You can prevent laminitis by avoiding high risk situations. The following is a list of "causes" or circumstances which can commonly precede the onset of laminitis. Obesity is the most common high-risk situations which lead to laminitis. The secret to avoiding laminitis in this situation is not to turn the horse out whilst he is fatter than condition score 3. This means he should not have a fat depot along his crest or at the tail head, around the sheath or udder or over the loins. You should be able to feel his ribs easily by running your hand along his side yet you should not be able to see his ribs. Overeating on foods rich in carbohydrate or rapidly fermentable fibre i.e. cereals, coarse mixes, rapidly growing or fertilised grass Any illness which involves a toxaemia. This may be a bacterial infection or following the ingestion of plant or chemical toxins. Cushing's Disease. This is a condition which follows an abnormality affecting the pituitary gland in the horse's head. It results in the horse failing to shed its winter coat. The coat becomes long and matted and eventually curly. The horse drinks and eats increased amounts of food while sweating excessively and losing weight. Concussive laminitis. When horses are subjected to fast or prolonged work on hard surfaces, they may develop laminitis as a result of trauma to the laminae, particularly if their horn quality is poor. Stress. Worming, vaccination, traveling or separation from a "friend" can trigger an attack of laminitis. Drug induced laminitis. Although some wormers can precipitate laminitis, the most common group of drugs which cause laminitis are the corticosteroids. Even injecting short acting corticosteroids into joints can cause severe laminitis.

If your horse has laminitis. The first thing to realise is that although this shown in the feet, it is not the feet that are the problem, the feet are showing that something has gone wrong within the equine’s health.

  • Remove shoes. Natural movement enables blood circulation through the horse’s hooves.
  • Move the horse to a Dry Lot. A yard with soft sand is ideal to house them on, a soft surface & boots will help them to be comfortable.
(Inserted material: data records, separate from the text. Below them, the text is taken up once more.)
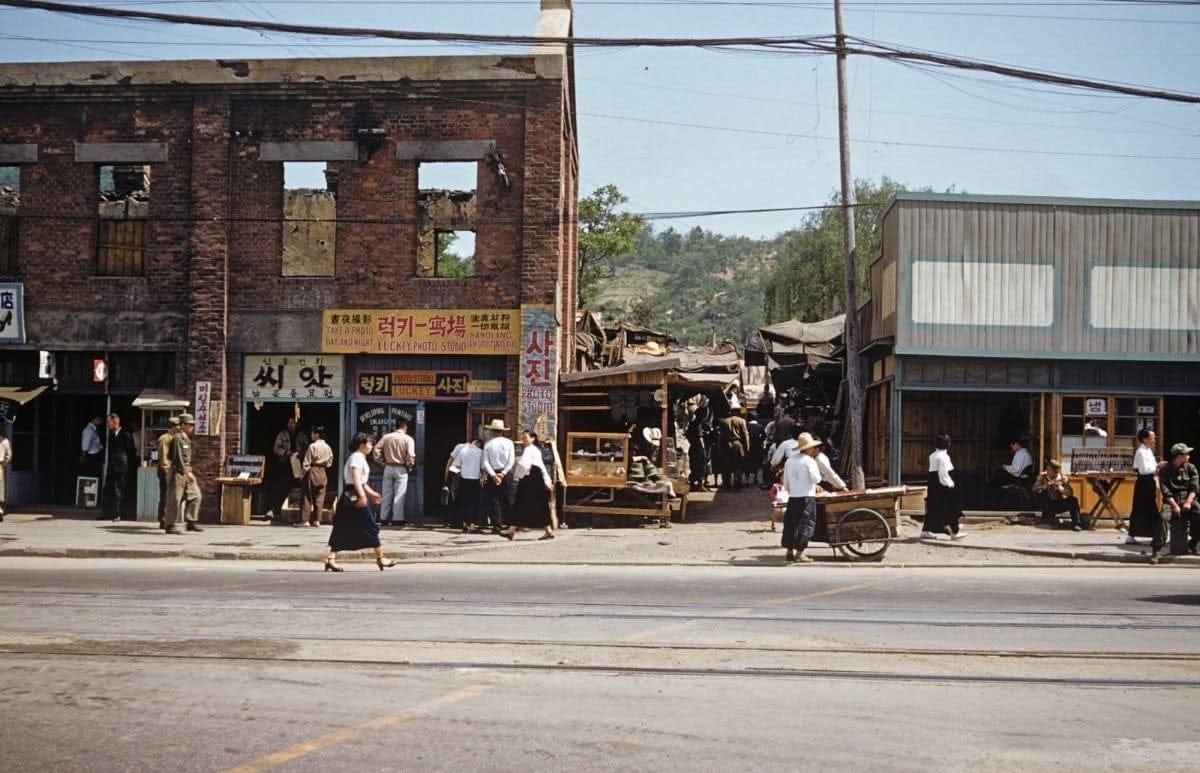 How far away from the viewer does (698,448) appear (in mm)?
26828

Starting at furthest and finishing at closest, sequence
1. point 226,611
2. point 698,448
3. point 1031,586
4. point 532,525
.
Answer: point 698,448 → point 532,525 → point 1031,586 → point 226,611

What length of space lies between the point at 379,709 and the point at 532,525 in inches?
494

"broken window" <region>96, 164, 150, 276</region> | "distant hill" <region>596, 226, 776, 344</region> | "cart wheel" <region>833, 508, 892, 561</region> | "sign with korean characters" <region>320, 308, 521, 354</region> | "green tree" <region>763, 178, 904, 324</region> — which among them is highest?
"distant hill" <region>596, 226, 776, 344</region>

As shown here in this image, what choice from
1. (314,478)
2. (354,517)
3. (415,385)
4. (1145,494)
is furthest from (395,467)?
(1145,494)

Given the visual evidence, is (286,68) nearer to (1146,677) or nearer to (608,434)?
(608,434)

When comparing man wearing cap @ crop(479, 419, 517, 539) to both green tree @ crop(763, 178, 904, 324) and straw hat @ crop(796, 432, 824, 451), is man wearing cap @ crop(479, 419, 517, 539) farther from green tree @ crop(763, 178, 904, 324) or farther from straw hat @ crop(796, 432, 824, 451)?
green tree @ crop(763, 178, 904, 324)

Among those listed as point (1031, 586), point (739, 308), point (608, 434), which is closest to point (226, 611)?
point (1031, 586)

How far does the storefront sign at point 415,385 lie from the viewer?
70.4ft

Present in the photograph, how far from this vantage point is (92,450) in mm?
22422

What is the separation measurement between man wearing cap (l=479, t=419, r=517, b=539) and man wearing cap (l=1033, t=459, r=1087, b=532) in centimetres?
918

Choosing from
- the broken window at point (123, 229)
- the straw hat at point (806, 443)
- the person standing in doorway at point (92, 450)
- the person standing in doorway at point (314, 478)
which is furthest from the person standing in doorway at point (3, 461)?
the straw hat at point (806, 443)

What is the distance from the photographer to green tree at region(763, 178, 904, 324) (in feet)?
178

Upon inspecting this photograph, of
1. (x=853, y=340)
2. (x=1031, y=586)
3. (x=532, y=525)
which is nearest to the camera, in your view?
(x=1031, y=586)

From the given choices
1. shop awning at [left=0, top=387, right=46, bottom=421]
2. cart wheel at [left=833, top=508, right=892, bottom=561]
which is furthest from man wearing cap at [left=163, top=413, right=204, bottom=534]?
cart wheel at [left=833, top=508, right=892, bottom=561] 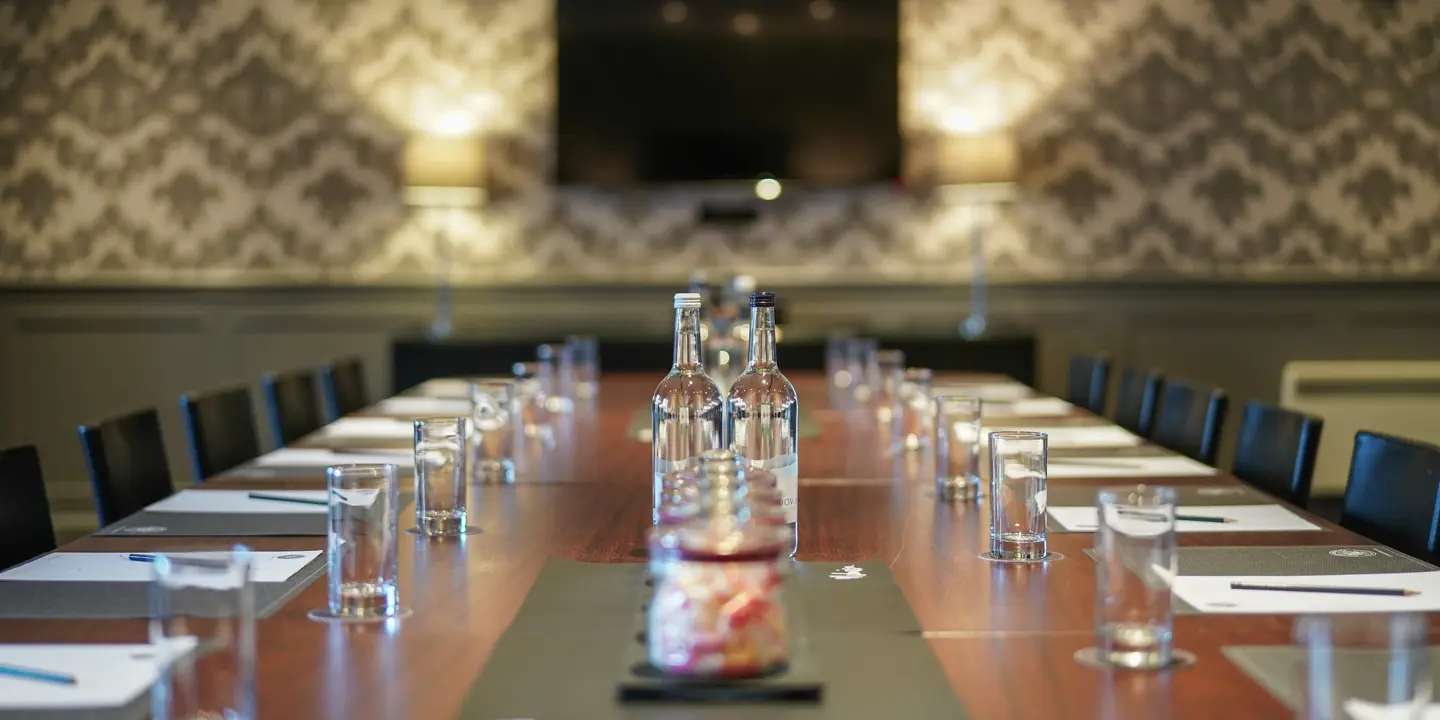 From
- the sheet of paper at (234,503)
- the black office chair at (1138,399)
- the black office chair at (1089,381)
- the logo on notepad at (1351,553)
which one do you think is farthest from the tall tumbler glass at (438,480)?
the black office chair at (1089,381)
Gradually increase exercise.
  • In severe cases, having polystyrene pads taped to the feet can help support the sole while relieving pressure on the toe.
  • Standing them in cold water with Epsom salts for 10-15min will help.
  • Do not feed processed foods. Take steps to drastically lower sugar & potassium intake (NO grains, Lucerne, clover, rye-grass, soy or molasses)
  • Water & rock salt should be available.
  • Double-bag the hay in small mesh Hay-Savers. (Do not feed rye or clover hay, or hay that has come off highly fertilised land).
  • Soak it for an hour. The hay needs to be hard to access without running out.
  • Have them trimmed regularly but not severely.